Making Work That Actually Feels Like It Matters
There’s a difference between making something that looks good and making something that feels like it has a reason to exist. I didn’t think about that much at first. I was making work, finishing pieces, putting things out there. It looked good, it fit together, it did what it needed to do. That was enough for a while, but at some point that stopped working for me. I’d be in the studio, going through the same motions, and it started to feel a little empty. It started to feel like I was repeating myself and wasn’t really connected to it. I kept asking myself why I was making it and didn’t always have a clear answer.
That’s when things started to change. Not all at once, and not in a way that anyone else would have noticed right away. I was still using the same materials and working in a similar way. The difference was in where I started. Instead of asking what would look good or what would fit into a series, I started asking what I actually cared about at that moment. That shifted the whole process.
One of the first things that helped was giving myself time to make work that didn’t have to go anywhere. No plan to share it, no connection to a project or a deadline, just time to sit with an idea or a feeling and see what came out of it. That felt strange at first, especially when so much of my work is tied to teaching or selling or showing. But it made it easier to be honest about what I was doing instead of shaping it for an audience before it was ready.
A lot of that work came from things I was already thinking about but hadn’t made space for. Small things that kept circling in my head, something I was avoiding, something I didn’t fully understand yet. Once I started there, the work felt different. It wasn’t always better, but it felt more connected.
I also started writing alongside the work, which is something I avoided for a long time. Not anything formal, just a few sentences after a session about what happened while I was working. What felt off, what surprised me, what I wanted to come back to. I don’t go back and read it very often, but writing it down makes it easier to see the thread running through the work instead of treating each piece like it exists on its own.
There’s also a point in the middle of a piece where I’ve learned to pause and check in. Not to judge it, just to make sure I’m still engaged with it. It’s easy to keep going out of habit, especially when you’re used to finishing things. Taking a step back in the middle of it helps me decide whether it’s still worth continuing or if I need to change direction.
A lot of the meaning in my work didn’t show up right away. It usually took a few pieces before I could see what I was actually working through. That’s something I’ve had to get comfortable with. Not needing to have it all figured out at the beginning and letting it build over time instead.
Working in small series helped with that. Staying with the same idea for a few pieces instead of jumping to something new every time made it easier to go a little deeper. The work started to connect in ways I couldn’t see when I was treating everything as separate.

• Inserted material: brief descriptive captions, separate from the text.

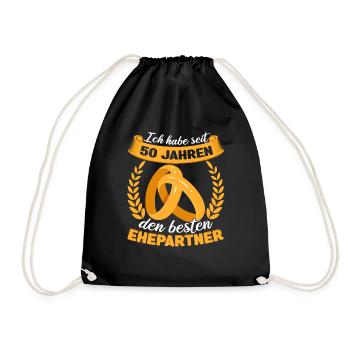 Goldene Hochzeit 50. Jahre den besten Ehepartner - Turnbeutel - Schwarz - Vorne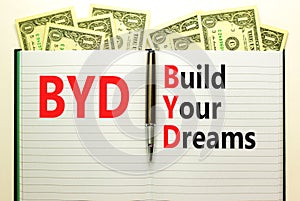 BYD build your dreams symbol. Concept words BYD build your dreams on white note on a beautiful background from dollar bills. Pen.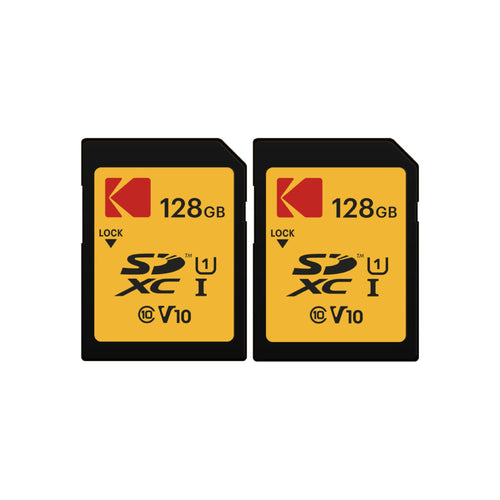 128 GB SDXC Memory Card, UHS-I, Class 10, U1, V10, yellow/black card - image 1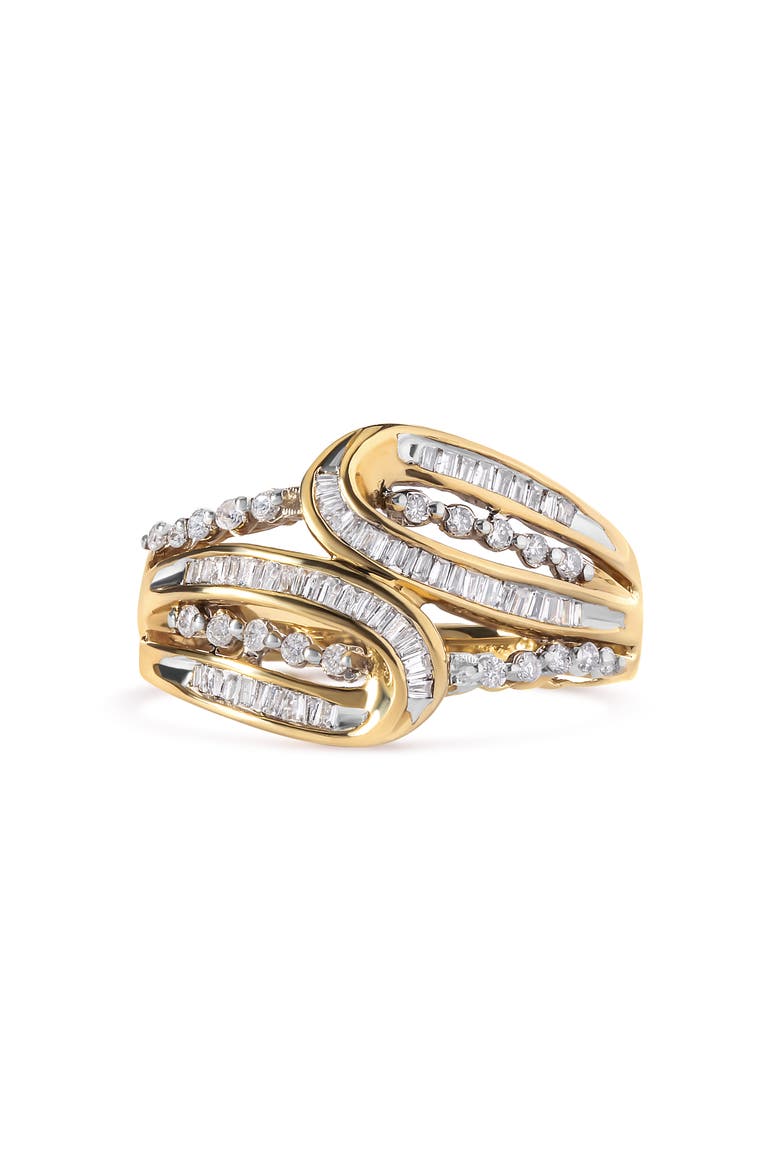10K Yellow Gold 1/2 Cttw Diamond Open Space Bypass Ring, Main, color, Yellow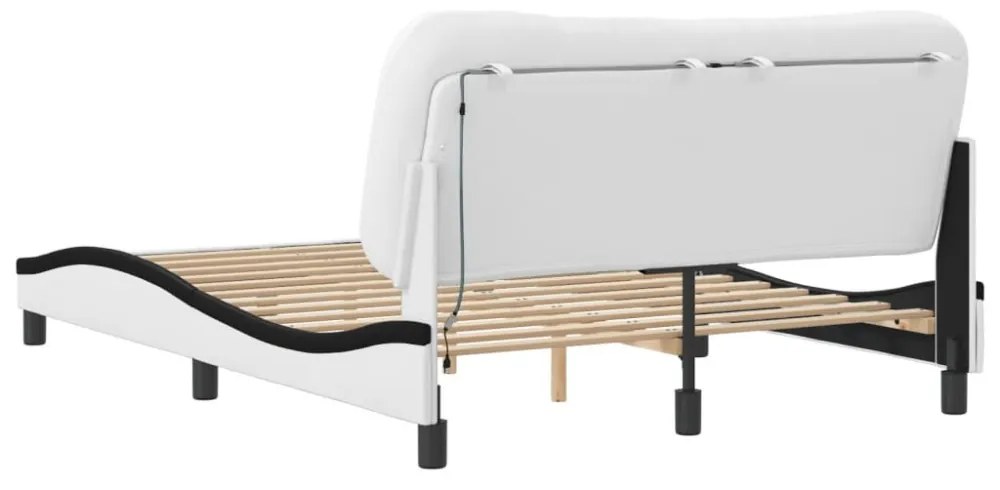 fehér és fekete ágykeret LED-ekkel matrac nélkül Hvar 120 x 200 cm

I also spent some time paying attention to what I actually care about outside of the studio. Not in a formal exercise kind of way, just noticing what keeps coming up, what I’m drawn to, what I’m still trying to understand. That has a way of showing up in the work whether I plan for it or not, but it becomes easier to recognize when I’m paying attention to it.

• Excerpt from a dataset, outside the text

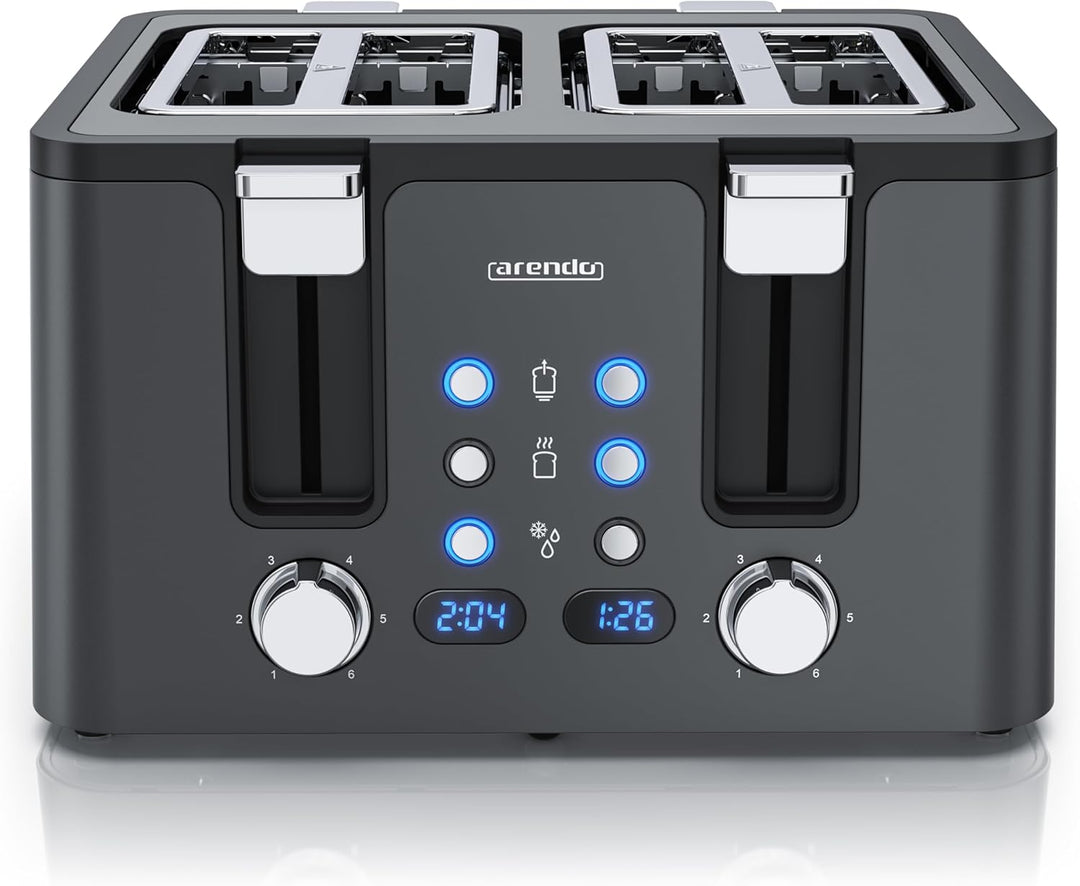Arendo - Toaster 4 Scheiben Edelstahl - mit Brötchenaufsatz - LED Anzeige Restzeitanzeige – Doppelwa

Sometimes I’ll go back to older pieces and think about what was happening when I made them. What I was carrying into the studio, what I was avoiding, what I was trying to figure out. That makes it easier to see where meaning already exists in the work instead of trying to force it into something new.
When the work feels more grounded for me, it changes how I share it too. It’s easier to talk about because I’m not trying to explain what it looks like. I can talk about what led to it, or what I was thinking about while I was making it. That tends to connect with people in a different way.

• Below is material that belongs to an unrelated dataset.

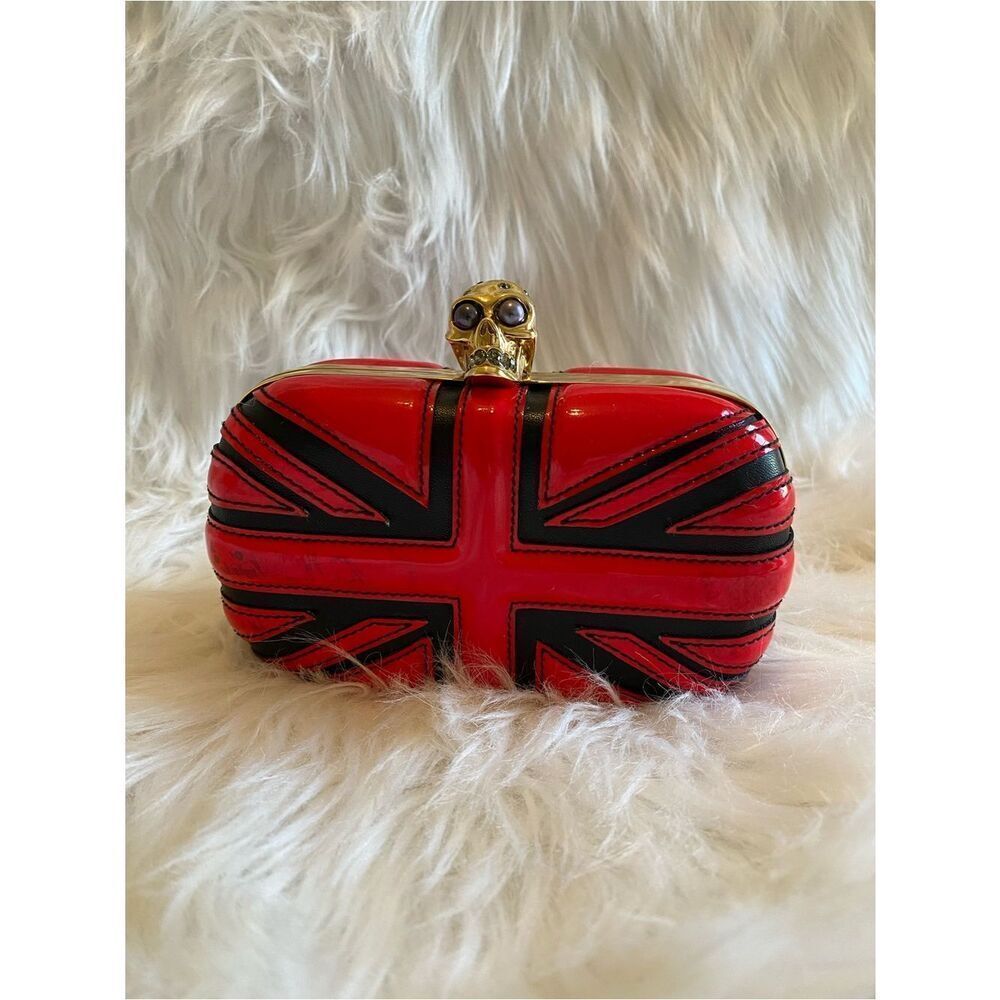 ALEXANDER MCQUEEN Limited Edition Britannia England Patent Leather Skull Clutch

That doesn’t mean every piece has to carry a lot of weight. Some things stay simple. Some pieces are about color or movement or just the act of making something after a long day. That still counts. It’s not about turning everything into something heavy, it’s about being aware of what’s driving the work when it matters. If your work has been feeling a little disconnected, it might help to pay attention to where you’re starting from. Not trying to fix it all at once, just noticing whether the work still feels like it belongs to you.